Are KYC requirements increasing cybercrime risks in iGaming?

Know Your Customer (KYC) requirements have become a fundamental part of regulation within the online gambling industry.

KYC measures are intended to counteract fraud, money laundering, underage gambling, and terrorist financing by requiring operators to gather and verify substantial personal information. Names, address verification docs, payment details and copies of passports or driver’s licenses all form part of the KYC information pile.

At first glance, the justification seems clear: gambling platforms turnover millions and are at risk of being exploited by criminals. However, while enhancing regulatory compliance these processes also introduce new risks. By requiring the collection and storage of highly sensitive personal data on a large scale, KYC frameworks can increase the potential for cybercriminal exploitation.

This inherent conflict fuels a key debate: do KYC requirements truly safeguard users, or do they unintentionally expose them to greater threats when security systems backfire?

Recent high profile breaches

In recent years, the online gambling industry has proven to be vulnerable to significant cyber incidents underscoring the risks associated with handling vast amounts of sensitive user data.

In 2022 BetMGM announced a breach where attackers gained access to a database containing critical user information, including names, contact details, birth dates, and hashed social security numbers. The incident compromised the data of over 1.5 million users, drawing attention to the extensive personal records stored by gambling platforms.

Another notable breach occurred in 2025, affecting up to 800,000 customer of Paddy Power and Betfair. Although no financial or ID records were exposed, details such as IP addresses, partial addresses and device IDs were leaked. The kind of information that could see affected customers become the target of phishing or social engineering schemes.

Even more concerning are breaches involving complete KYC records. Just recently crypto-gambling platform Shuffle announced a major data breach after their CRM provider was hacked. This breach not only exposed personal details and transaction records but also included sensitive identity verification documents like passports and driver’s licenses.

Vulnerabilities resulting from KYC requirements

KYC obligations inherently require the centralisation of sensitive personal data. This creates what cybersecurity experts describe as ‘data concentration risk’: the more valuable information stored in one place, the more attractive the target becomes.

Regulated iGaming operators must collect from customers highly sensitive personal information including:

• government-issued ID documents
• proof of address documents
• payment and banking information
• behavioural and transaction histories

When aggregated, this forms a highly detailed identity profile, more comprehensive than what is requested by most other e-commerce services. What’s more, cybercriminals know that regulated iGaming operators are required to hold all of this information making them something of a honey pot.

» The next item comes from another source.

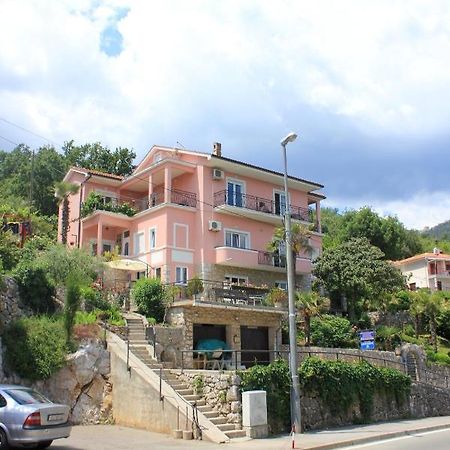 Apartments And Rooms By The Sea Medveja, Opatija - 2305 ลอฟราน ภายนอก รูปภาพ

A 2023 report from cybersecurity firm Trend Micro bluntly stated, these “gold mines” are uniquely attractive because a single breach, “can yield complete identity packages ready for exploitation, from credit card fraud to account takeovers to full-scale identity theft.”

KYC requirements transforms gambling platforms into repositories of highly sensitive identity data, similar to what financial institutions like banks hold. But while banks are well resourced to deal with these risks, not all online gambling firms are.

Ironically, KYC rules designed to combat criminality and reduce player harm could be increasing player risk.

KYC here to stay

Despite the risks KYC brings, the overwhelming weight of opinion from regulators seems to be that the benefits far outweigh the risks. There is little appetite for watering down requirements.

A 2024 strategic assessment by the G7’s anti-money laundering watchdog (Financial Action Task Force), re-emphasised that robust KYC is ‘the fundamental and non-negotiable anchor’ for preventing online operators from becoming financial conduits for organised crime and terrorist financing.

This position was backed by a 2023 UK Gambling Commission review that found stringent KYC checks were directly responsible for identifying and suspending thousands of accounts used for fraud or by under-age and vulnerable individuals.

The Commission did concede that KYC creates vulnerabilities. But their conclusion was that the absence of KYC would lead to far more immediate and widespread harm.